People are sensitive to distractor motion in multiple object tracking
Rebecca St.Clair & Adriane E. Seiffert
Vanderbilt University

When we track moving objects there are often distracting objects moving among our targets. Previous research leaves open the question whether distractor information is processed during tracking. Although distractors are irrelevant to the tracking task, processing some information about them, such as motion, may prevent distractors from being confused as targets. Our prior research with textured objects suggests that people use motion information to help them track targets (St. Clair, Huff, & Seiffert, 2010, JOV). Tracking objects was worse when the motion of the texture conflicted with the motion of the objects.
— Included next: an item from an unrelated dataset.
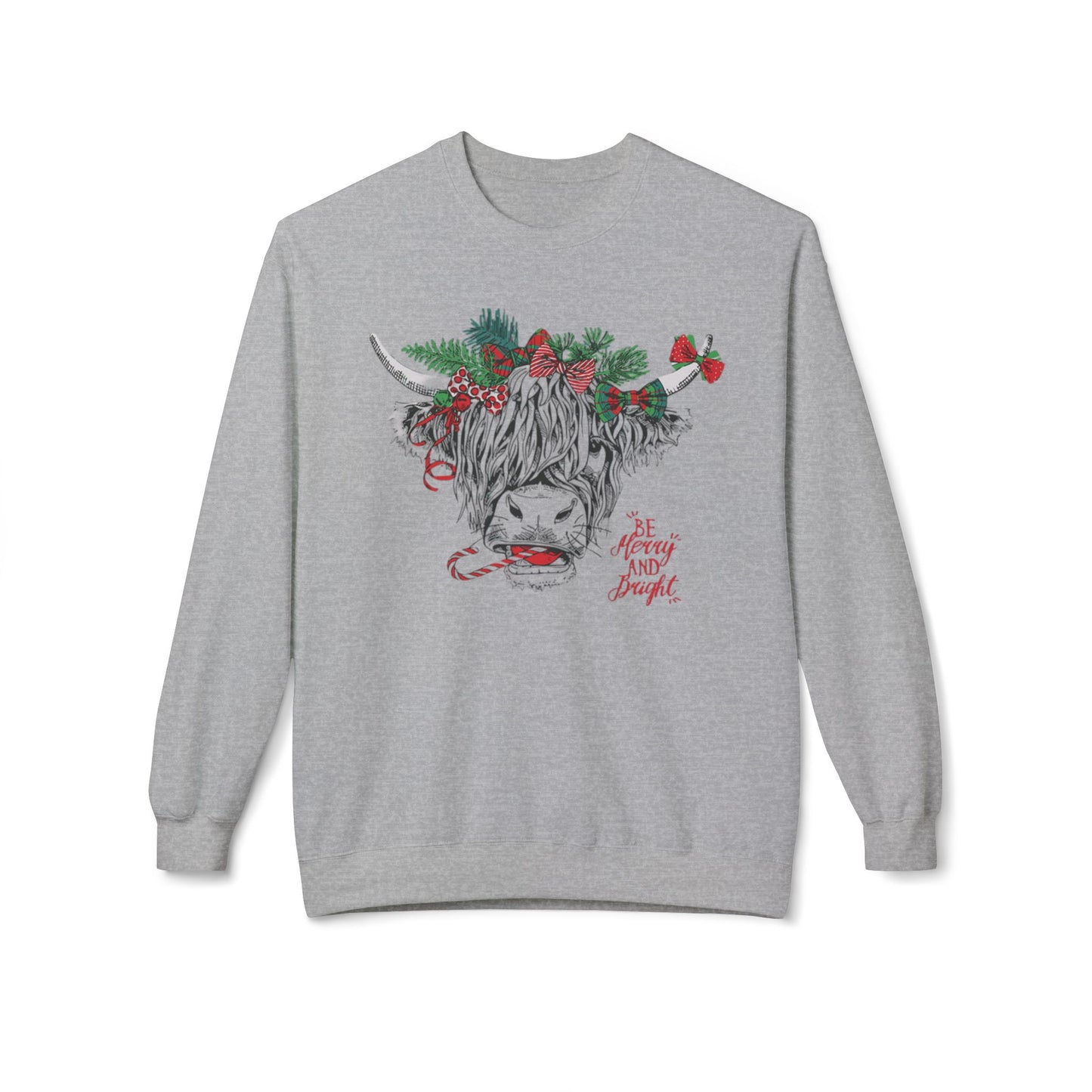 Be Merry And Bright Highland Cow Crewneck Sweatshirt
If distractor motion is used, tracking should be affected by the motion of textures on distractors, regardless of the motion of textures on targets. Observers tracked 3 of 10 textured squares moving linearly and independently in a textured area. The texture in each square moved two times the square's speed either forward, in the same direction as the square, or, backward, in the opposite direction of the square. Texture direction was assigned to targets and distractors independently for a total of four conditions: 1) all squares had forward texture, 2) all squares had backward texture 3) targets had forward texture and distractors had backward texture, and 4) targets had backward texture and distractors had forward texture. Tracking accuracy was higher when targets had forward texture (mean proportion correct M = .79) than when they had backward texture (M = .61; t(18) = 11.13, p<.01), replicating our previous work showing target motion is used during tracking. Similarly, tracking accuracy was higher when distractors had forward texture (M = .72) than when they had backward texture, (M = .68; t(18) = 3.98, p<.01). This suggests that people are sensitive to distractor motion during tracking.